**Dataset records**

----------------------------------------

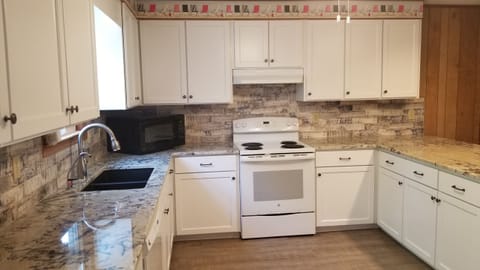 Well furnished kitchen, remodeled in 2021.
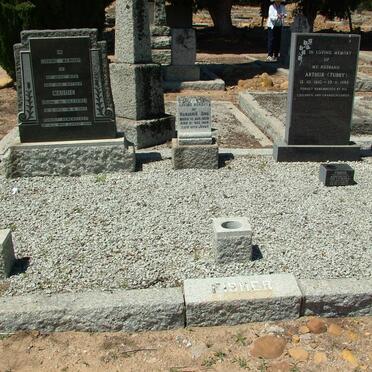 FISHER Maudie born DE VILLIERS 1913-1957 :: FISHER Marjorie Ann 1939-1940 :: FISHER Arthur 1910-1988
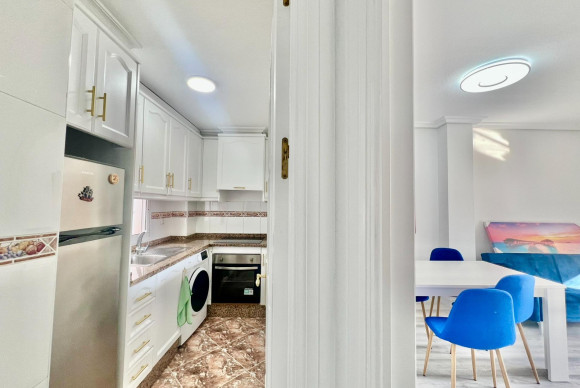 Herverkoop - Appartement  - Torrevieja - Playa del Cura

----------------------------------------

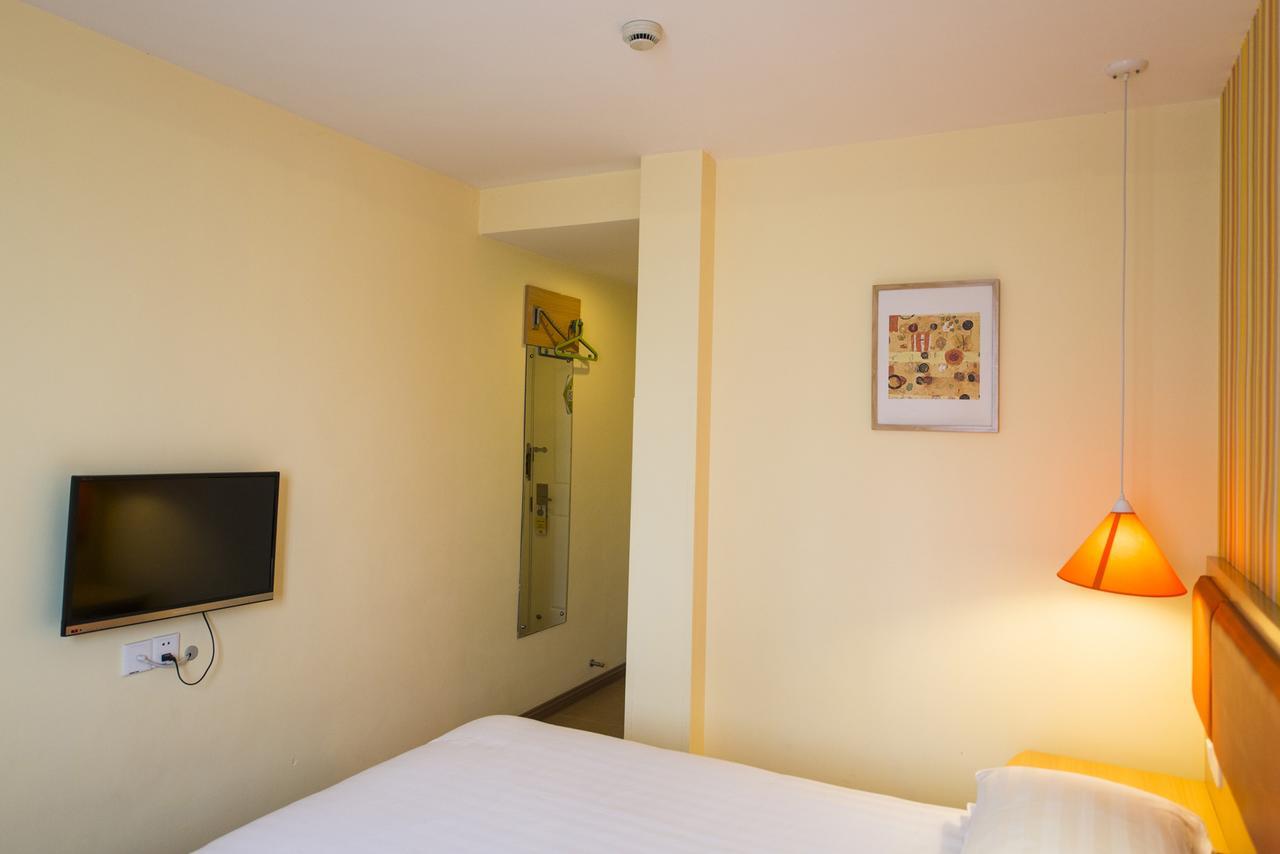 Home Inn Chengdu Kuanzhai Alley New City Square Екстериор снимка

----------------------------------------

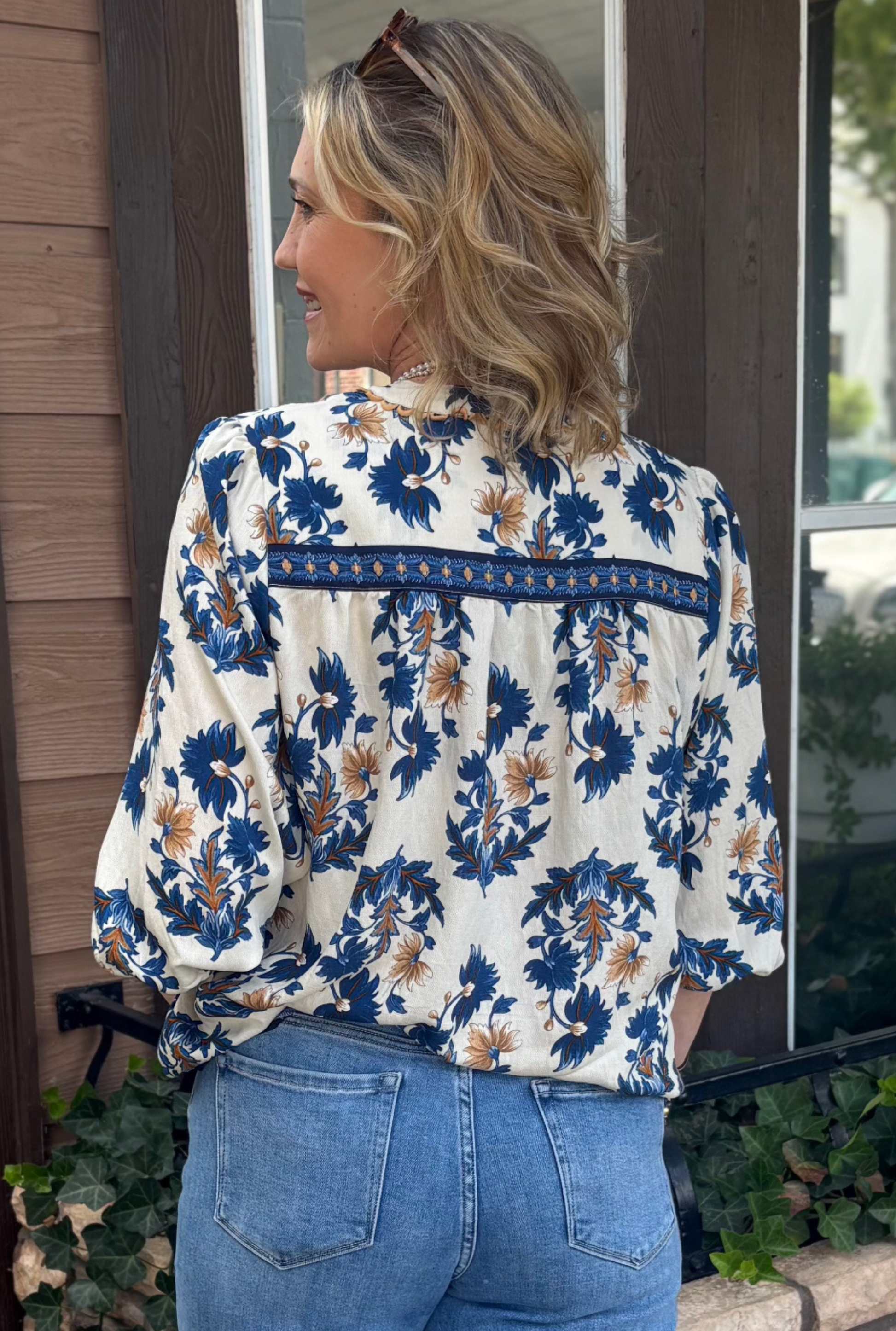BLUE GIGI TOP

----------------------------------------

**Work instruction**
Above are the records; please give again, exactly and in full, only the lines that run from the line with "FISHER Maudie born" through the line with "Herverkoop - Appartement", with no pictures.

**Answer area**
 FISHER Maudie born DE VILLIERS 1913-1957 :: FISHER Marjorie Ann 1939-1940 :: FISHER Arthur 1910-1988
 Herverkoop - Appartement  - Torrevieja - Playa del Cura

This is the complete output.